◆ ASSIGNMENT ◆
Without including the pictures, copy out every line below.

◆ SUPPLIED DATA ◆
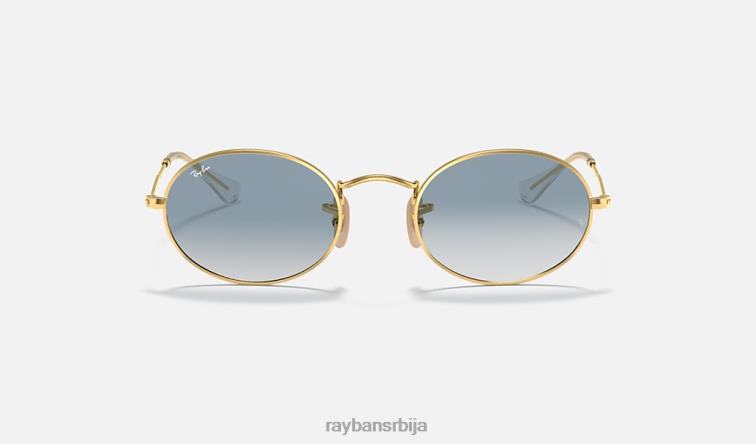 Ray-Ban овална равна сочива P0HP758 наочаре за сунце полирано злато/светло плаво мушкарци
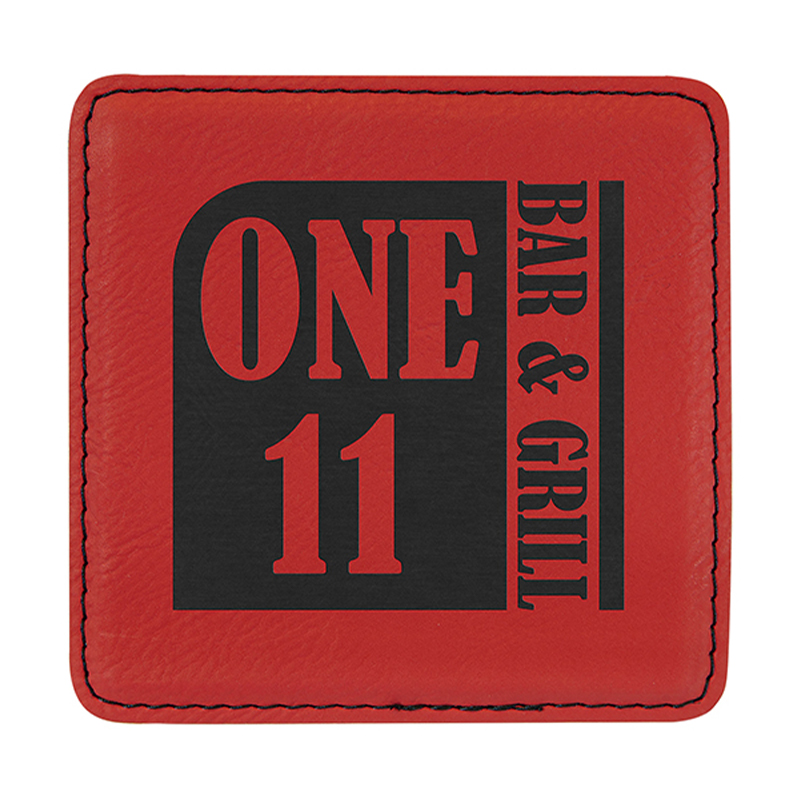 4' x 4' Square Leatherette Coaster 6-Coaster Set na may Holder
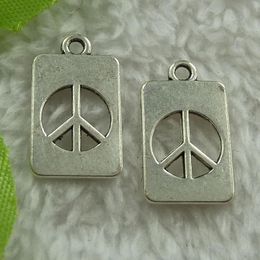 charms 280 pieces antique silver peace symbol charms 20x12mm #2772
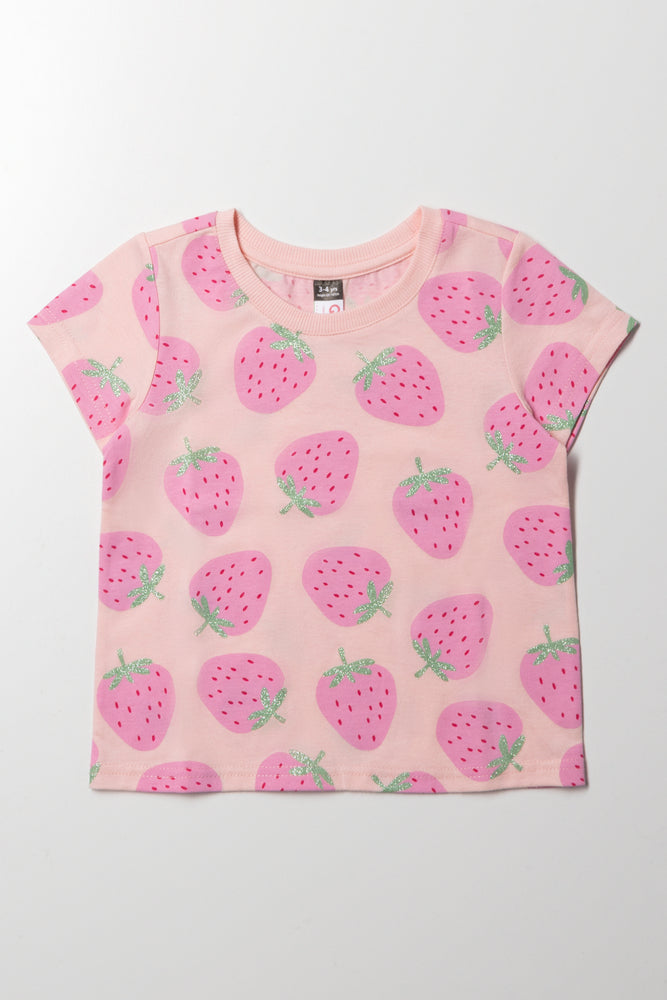 Strawberry Short Sleeve T-Shirt Peach Multi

◆ SOLUTION ◆
 Ray-Ban овална равна сочива P0HP758 наочаре за сунце полирано злато/светло плаво мушкарци
 4' x 4' Square Leatherette Coaster 6-Coaster Set na may Holder
 charms 280 pieces antique silver peace symbol charms 20x12mm #2772
 Strawberry Short Sleeve T-Shirt Peach Multi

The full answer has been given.